Himself and Cunningham make an odd pair. Cunningham, long and laconic and eminently relaxed has transfused a little of his easy-going patina into Donal Óg's make-up. He examines old tapes for mistakes but doesn't do himself grievous bodily harm beating himself up over them.

"I've learned lots of things from Ger as regards technique and positioning but I suppose the main thing is to relax. Not to work too hard, to get rest and stay sharp and to keep focused in games if a goal goes in. Those are useful things."

He is a survivor from both the heady summer of 1999 and the turbulent winter of 2002. Back when Jimmy Barry's team were young and first flexing themselves by winning the last All-Ireland of the departed century he had a right to think the side he was in had a foothold on immortality. It hasn't unfolded that way. And Kilkenny, losers on that wicked day five years ago, have stolen all the thunder since.

Since last year's loss to Kilkenny though he says neither he nor the team has looked back.

"When the game was done it was done. What we took away from it was that we had the ability to compete again at that level. We had shown strengths people might have thought we lacked."

What followed was surprising to the outsider but not jarring enough to knock Cork out of their rhythm. Setanta Ó hAilpín was plucked from Blarney and brought to Melbourne, depriving Cork of most of their surprise value. Then Brian Corcoran came back from the edge of oblivion. Donal Óg was fazed by neither event.

"The way we looked at Setanta going was a positive thing. We knew what he brought to us as a team, we knew what he gave us on the pitch and off it. But he got the chance to be something most of us would like to be. He got the chance to be a professional sportsperson.

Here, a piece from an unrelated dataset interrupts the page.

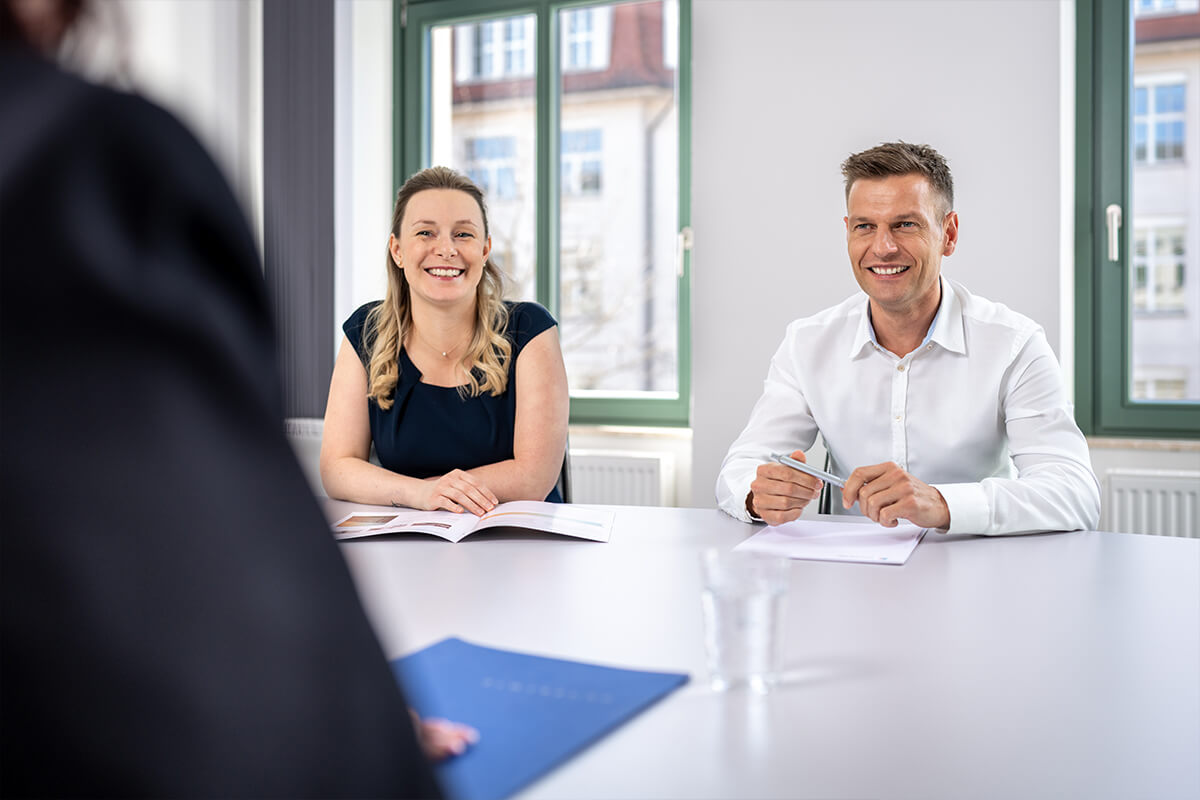 Beratungsgespräch am Besprechungstisch, zwei Mitarbeitende gegenüber dem Besuch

"We didn't sit around to mourn him being gone. We said fair play to him; we were pleased one of us had gone away to live out that dream. I wrote to Setanta and he wrote me back a nice letter and sent me a Carlton training top, which is something I will treasure because he's a special kind of fella.

"With Brian I knew he'd be back. On the night we lost the All-Ireland last year he was around the team hotel a lot . . . and I could tell by things he said that he was weighing up that things had improved in the set-up. As soon as he said he was coming back for his club I knew he would be playing for Cork again because Brian is like a lot of us, playing for Cork is equally as important as playing for the club. I go to the same gym as Brian in Silversprings and we would have talked about things a good bit. I knew he wouldn't do just one."

Through it all there is the insight of the full-time observer, the man who stands behind his team and watches their patterns and their play, takes their pulse. He knows the thread of the team and the nuances of their moods.

This year is still pregnant with possibility. Not too much examination was needed after the defeat to Kilkenny last September. In the days after they lost the Munster final this year they explored whether they cared enough. Donal Ó Grady asked them if they wanted to leave it like that or if they wanted to battle. Having found their answer they went out and beat Tipperary.

For Donal Óg Cusack, one imagines, there wasn't too much soul-searching to be done. The drive for perfection allows no time for fallow years.